Afterward | Warrior Woman Film


Life after Cinequest… On the movie front, I’ve gotten some requests to apply to film festivals elsewhere, but my policy for the time being is to pull back on that unless it’s somewhere I really want to go. Seems like further festival activity (unless it’s something big) is not likely to help distribution, and that’s really the priority right now. So we shall see… Circus Road is just beginning now to approach distributors. That might be a long road as well, so, once again, I’m trying to cultivate patience.

Meanwhile, I just watched the 1939 version of “The Women,” which had been recommended by one of the friends to whom I’d sent the questions about women in film. I’d seen it eons ago, and it was great to revisit the terrific performances, particularly by Rosalind Russell as a mischief-making gossip, and Joan Crawford as a social-climbing home-wrecker. The movie was unique at the time because the cast was 100 percent female. The sensibility is archaic for us – society women with time on their hands being bitchy to each other and competitive (or is this the territory of things like “Desperate Housewives”? I haven’t seen it) – and the ultimate message is “swallow your pride and stand by your man.” But there are cross-currents of support among some of the women, and it is an absolute delight to see these amazingly talented actors doing their thing.
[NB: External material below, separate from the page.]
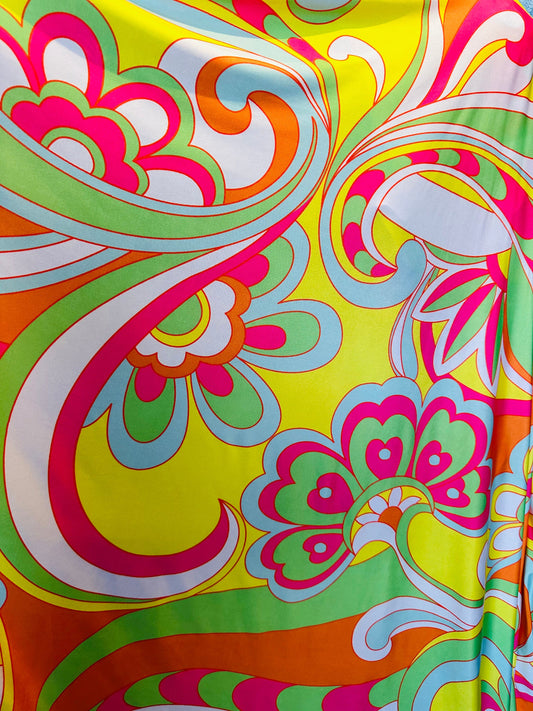 New floral design pastel colors print on poly spandex light weight 4-way stretch 58/60”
Before I left for Cinequest I watched Fellini’s “La Strada” (1954), another movie I hadn’t seen in eons. It’s just as brilliant and heartbreaking as I remembered it, with an incandescent performance by Giulietta Masina as the naïve, fey Gelsomina who has been purchased (a small wad of money to her mother) by abusive Zampanò (Anthony Quinn) to assist him as an itinerant entertainer. In a way, it’s Zampanò’s story – he doesn’t/can’t/won’t look at his own brutishness until finally the realization of it bursts at him from within and completely overwhelms him in a scene of wrenching anguish – but it is Gelsomina that everyone remembers when I mention the film. Here is a character who only needs a bit of tenderness to thrive in a brutal world, but she is constantly betrayed or abandoned, and finally she loses her spirit. In her odd way, she has hoped for love – when she has a chance to leave Zampanò and stay at a convent with a group of nuns, she goes with her man, horrible as he is. Women’s fate? There are two other minor but striking women characters as well – a woman that Zampanò picks up in a café – what happens to her? It won’t be good – and a widow who just wants a roll in the hay. She seems like a survivor, despite a hard life alone with a disabled child. The prospects are bleak, but it’s all gorgeously filmed in beautifully framed and lit black and white.